I am trying based on the code seen below to enhance it in order to do what it does, meaning moving each value from the same row onto the next cell if theres a NaN. The adjustment that I am trying to make is if, Jan (1st month of each row) is NaN then fill it in with the last value from the previous year which would be Jun - 2.04
This is what I am using so far:
df.loc[df['Jan'].isna(), 'Jan'] = df[df['Jan'].isna()].apply(lambda x: x[x.notna()][-1], axis=1)
df.loc[:, 'Jan':] = df.loc[:, 'Jan':].ffill(axis=1)
print(df)
Input sample data
Region-INF Series Name Series ID Jan Feb Mar Apr May Jun
Pacific All Items CUUR0490SDD 2.9 2.8 NaN NaN 2.52 **2.04**
Pacific All Items CUE07890SDF NaN 2.64 NaN 2.44 2.59 3
Pacific All Items CUE073310SAF 2.1 2.4 NaN 2.21 3.45 NaN
Expected output:
Region-INF Series Name Series ID Jan Feb Mar Apr May Jun
Pacific All Items CUUR0490SDD 2.9 2.8 2.8 2.8 2.52 **2.04**
Pacific All Items CUE07890SDF **2.04** 2.64 2.64 2.44 2.59 3
Pacific All Items CUE073310SAF 2.1 2.4 2.4 2.21 3.45 3.45
Any suggestions how I can modify the existing code?

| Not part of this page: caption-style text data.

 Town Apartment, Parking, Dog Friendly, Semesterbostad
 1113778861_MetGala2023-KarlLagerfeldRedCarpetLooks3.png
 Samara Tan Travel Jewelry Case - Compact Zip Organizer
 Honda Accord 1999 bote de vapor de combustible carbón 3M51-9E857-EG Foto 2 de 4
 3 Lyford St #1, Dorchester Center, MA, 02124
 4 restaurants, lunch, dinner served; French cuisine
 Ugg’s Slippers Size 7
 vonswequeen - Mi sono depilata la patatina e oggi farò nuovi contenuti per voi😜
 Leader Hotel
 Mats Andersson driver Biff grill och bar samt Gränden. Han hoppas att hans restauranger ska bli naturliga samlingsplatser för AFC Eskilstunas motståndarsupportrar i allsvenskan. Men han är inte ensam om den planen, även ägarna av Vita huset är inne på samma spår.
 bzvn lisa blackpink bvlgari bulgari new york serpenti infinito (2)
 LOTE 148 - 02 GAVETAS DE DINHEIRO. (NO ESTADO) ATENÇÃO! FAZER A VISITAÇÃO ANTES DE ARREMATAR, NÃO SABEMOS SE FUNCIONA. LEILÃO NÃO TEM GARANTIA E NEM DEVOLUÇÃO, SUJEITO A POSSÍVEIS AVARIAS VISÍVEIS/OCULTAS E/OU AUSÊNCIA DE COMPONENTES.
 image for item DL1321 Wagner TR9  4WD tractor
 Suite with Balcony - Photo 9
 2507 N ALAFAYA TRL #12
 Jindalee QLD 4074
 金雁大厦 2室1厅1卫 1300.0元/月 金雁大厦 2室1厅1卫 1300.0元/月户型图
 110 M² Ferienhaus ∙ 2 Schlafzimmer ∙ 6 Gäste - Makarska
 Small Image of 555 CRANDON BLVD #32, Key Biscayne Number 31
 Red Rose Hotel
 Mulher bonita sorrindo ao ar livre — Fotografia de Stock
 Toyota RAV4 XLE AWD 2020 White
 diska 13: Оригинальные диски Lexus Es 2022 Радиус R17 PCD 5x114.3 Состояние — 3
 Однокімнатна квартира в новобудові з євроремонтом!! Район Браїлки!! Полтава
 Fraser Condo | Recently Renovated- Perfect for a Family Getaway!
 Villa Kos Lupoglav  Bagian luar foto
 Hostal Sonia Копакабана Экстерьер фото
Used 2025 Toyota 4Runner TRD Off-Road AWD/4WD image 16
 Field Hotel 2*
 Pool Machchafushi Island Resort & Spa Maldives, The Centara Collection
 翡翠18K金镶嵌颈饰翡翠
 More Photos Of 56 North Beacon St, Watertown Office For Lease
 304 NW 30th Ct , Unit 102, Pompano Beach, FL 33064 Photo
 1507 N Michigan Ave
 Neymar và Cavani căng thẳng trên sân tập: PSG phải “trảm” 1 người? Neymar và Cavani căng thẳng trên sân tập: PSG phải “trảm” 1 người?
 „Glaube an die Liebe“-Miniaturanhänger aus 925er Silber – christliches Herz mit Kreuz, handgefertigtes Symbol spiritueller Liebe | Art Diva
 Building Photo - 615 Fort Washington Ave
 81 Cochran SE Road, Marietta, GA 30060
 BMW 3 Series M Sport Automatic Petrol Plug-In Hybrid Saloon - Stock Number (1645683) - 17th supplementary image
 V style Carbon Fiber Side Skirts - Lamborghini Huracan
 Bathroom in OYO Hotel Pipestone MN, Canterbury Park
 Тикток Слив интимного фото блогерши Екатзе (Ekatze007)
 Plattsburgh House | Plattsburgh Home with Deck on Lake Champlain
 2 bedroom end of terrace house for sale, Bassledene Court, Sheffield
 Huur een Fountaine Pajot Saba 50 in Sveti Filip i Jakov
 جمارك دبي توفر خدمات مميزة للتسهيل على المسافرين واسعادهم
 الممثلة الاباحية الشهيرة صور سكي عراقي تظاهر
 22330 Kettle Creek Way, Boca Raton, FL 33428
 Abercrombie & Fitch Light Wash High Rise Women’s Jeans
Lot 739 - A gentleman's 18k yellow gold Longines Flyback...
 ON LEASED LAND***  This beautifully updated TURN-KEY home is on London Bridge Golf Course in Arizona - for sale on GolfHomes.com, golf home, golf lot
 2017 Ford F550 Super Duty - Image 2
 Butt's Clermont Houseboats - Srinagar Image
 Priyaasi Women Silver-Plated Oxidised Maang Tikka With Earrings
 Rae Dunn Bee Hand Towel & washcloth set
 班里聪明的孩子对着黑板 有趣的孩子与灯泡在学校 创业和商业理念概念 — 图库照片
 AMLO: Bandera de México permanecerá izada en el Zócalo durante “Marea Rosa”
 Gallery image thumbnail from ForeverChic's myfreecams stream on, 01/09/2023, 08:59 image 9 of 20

CodePudding user response:
You can modify the existing code by first adding a new column that contains the last value from the previous year. Then use that column to fill in the missing values in the 'Jan' column.
df.loc[:, "Jan":] = df.loc[:, "Jan":].ffill(axis=1)
# Shift the values in the last column by one row
df["last_col_shifted"] = df.iloc[:, -1].shift(1)
# Use the shifted column to fill in missing values in the 'Jan' column
df.loc[df["Jan"].isna(), "Jan"] = df["last_col_shifted"]
# remove the shifted column
df.drop(["last_col_shifted"], axis=1, inplace=True)
print(df)